Сначала мечник шёл неловко, его мышцы затекли от долгой езды, приходилось разминаться по пути. Благо чудные доспехи были как вторая кожа, он не снимал их почти никогда. Лёгкость движений вернулась, походка стала неслышной, Исварох потянул из-за спины клинки. Они были очень длинны и вышли целиком лишь благодаря особой конструкции ножен. Две полосы сверкающей стали, заточенной до невероятной остроты.
Постоялый двор напоминал осаждённую крепость, беспокойники слонялись вокруг, из их глоток доносилось тихое завывание. На стенах виднелись люди с оружием, которые стали кричать, когда заметили мечника. От их голосов мертвецы зашевелились быстрее, заскребли в толстые брёвна, завыли громче прежнего.

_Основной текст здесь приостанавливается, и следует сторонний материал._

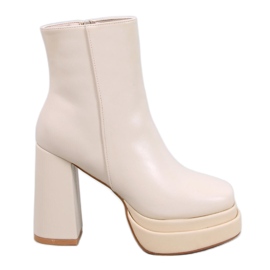 Comfortable Charokee Beige platform boots - 2nd quality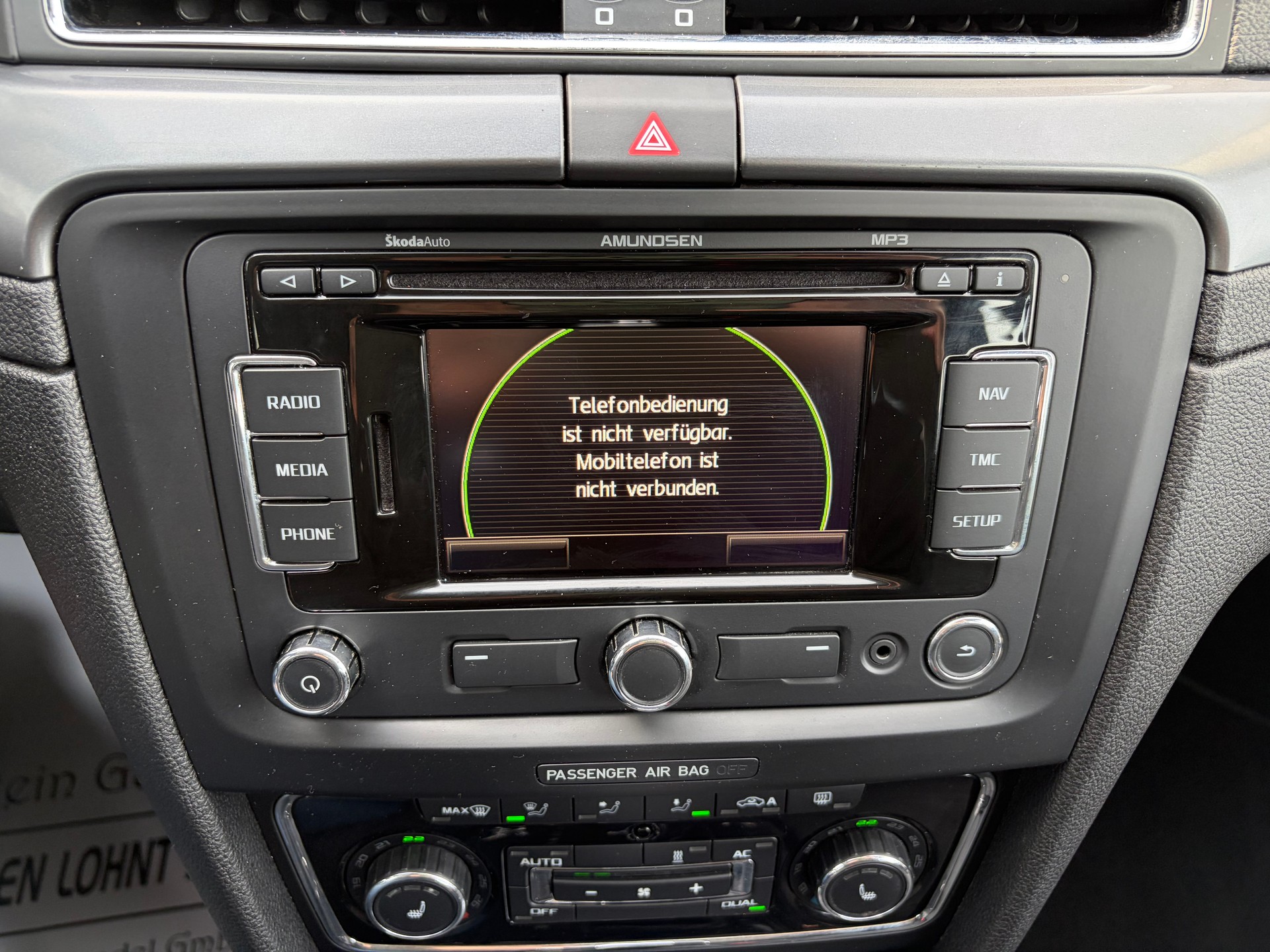 SKODA Superb Combi 2.0 TDi Ambition DSG-image-20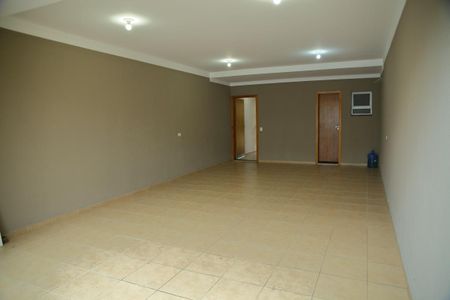 Casa à venda com 220m², 3 quartos e 5 vagasGaragem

– Убирайся отсюда! Эй, ты! Слышишь?! Господь всемилостивый, ты что, безумен?!
– Да у него же повязка на глазах!
– Уходи!
Слепец продолжал идти прямо на толпу. Он был уже совсем близко, но беспокойники словно не замечали человека. Только один, огромный бородатый труп на расстоянии пяти шагов уставился на Исвароха, раскачиваясь. Права рука заметно больше левой, широкие плечи, огромный рост, при жизни был кузнецом.
– Гладко лезвие скользит, – запел мечник, – сверху-вниз, сверху-вниз, гладко лезвие скользит, ото лба до паха.
Услышав речь, труп застонал и как мог быстро ринулся вперёд. Исварох сместился влево, один меч срубил толстую руку, второй – голову. Плохо. На обычного мертвеца следовало тратить не более одного удара, иначе с такой стаей пришлось бы возиться часами. Два удара, – допустимо, но плохо. Он закостенел, потерял хватку за время своего бегства от смерти. Утраченное должно вернуться, иначе…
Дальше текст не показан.